* DATA EXTRACTS
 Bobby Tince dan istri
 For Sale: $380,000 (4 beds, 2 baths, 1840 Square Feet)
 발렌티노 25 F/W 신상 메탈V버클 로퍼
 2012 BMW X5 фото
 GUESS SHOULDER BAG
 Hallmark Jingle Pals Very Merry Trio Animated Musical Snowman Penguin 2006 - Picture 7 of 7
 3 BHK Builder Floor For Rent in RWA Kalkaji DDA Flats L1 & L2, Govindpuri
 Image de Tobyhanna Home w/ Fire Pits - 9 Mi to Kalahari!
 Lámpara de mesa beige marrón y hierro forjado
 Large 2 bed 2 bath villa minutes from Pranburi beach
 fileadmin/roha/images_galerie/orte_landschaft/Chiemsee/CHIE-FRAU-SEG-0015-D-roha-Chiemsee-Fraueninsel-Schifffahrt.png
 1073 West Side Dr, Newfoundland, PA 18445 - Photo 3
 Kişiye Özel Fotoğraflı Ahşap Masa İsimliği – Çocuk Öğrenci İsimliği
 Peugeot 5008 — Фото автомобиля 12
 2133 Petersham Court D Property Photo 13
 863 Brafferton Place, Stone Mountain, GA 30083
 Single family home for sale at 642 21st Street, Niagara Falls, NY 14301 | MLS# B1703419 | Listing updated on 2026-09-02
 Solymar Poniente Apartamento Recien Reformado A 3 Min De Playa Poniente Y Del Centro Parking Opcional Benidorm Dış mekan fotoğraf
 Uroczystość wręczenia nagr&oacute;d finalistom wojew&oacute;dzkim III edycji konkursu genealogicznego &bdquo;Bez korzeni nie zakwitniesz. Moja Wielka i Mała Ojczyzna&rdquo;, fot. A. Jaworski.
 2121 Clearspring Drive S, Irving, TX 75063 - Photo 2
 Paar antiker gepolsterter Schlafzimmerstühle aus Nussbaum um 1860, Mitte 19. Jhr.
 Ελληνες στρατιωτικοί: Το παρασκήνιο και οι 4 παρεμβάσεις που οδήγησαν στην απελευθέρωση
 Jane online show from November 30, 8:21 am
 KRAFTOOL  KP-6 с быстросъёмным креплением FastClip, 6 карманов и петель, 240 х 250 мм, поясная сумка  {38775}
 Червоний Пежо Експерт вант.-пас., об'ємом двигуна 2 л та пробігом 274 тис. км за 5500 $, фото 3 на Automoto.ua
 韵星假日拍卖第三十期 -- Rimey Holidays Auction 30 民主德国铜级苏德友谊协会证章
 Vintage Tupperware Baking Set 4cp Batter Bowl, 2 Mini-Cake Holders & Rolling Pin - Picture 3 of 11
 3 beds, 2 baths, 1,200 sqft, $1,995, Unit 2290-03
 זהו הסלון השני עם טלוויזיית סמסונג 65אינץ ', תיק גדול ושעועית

* BRIEF
Above are the records; from them, give again exactly the lines from the one containing "Image de Tobyhanna" through the one containing "Paar antiker gepolsterter", both included.

* YOUR SOLUTION
 Image de Tobyhanna Home w/ Fire Pits - 9 Mi to Kalahari!
 Lámpara de mesa beige marrón y hierro forjado
 Large 2 bed 2 bath villa minutes from Pranburi beach
 fileadmin/roha/images_galerie/orte_landschaft/Chiemsee/CHIE-FRAU-SEG-0015-D-roha-Chiemsee-Fraueninsel-Schifffahrt.png
 1073 West Side Dr, Newfoundland, PA 18445 - Photo 3
 Kişiye Özel Fotoğraflı Ahşap Masa İsimliği – Çocuk Öğrenci İsimliği
 Peugeot 5008 — Фото автомобиля 12
 2133 Petersham Court D Property Photo 13
 863 Brafferton Place, Stone Mountain, GA 30083
 Single family home for sale at 642 21st Street, Niagara Falls, NY 14301 | MLS# B1703419 | Listing updated on 2026-09-02
 Solymar Poniente Apartamento Recien Reformado A 3 Min De Playa Poniente Y Del Centro Parking Opcional Benidorm Dış mekan fotoğraf
 Uroczystość wręczenia nagr&oacute;d finalistom wojew&oacute;dzkim III edycji konkursu genealogicznego &bdquo;Bez korzeni nie zakwitniesz. Moja Wielka i Mała Ojczyzna&rdquo;, fot. A. Jaworski.
 2121 Clearspring Drive S, Irving, TX 75063 - Photo 2
 Paar antiker gepolsterter Schlafzimmerstühle aus Nussbaum um 1860, Mitte 19. Jhr.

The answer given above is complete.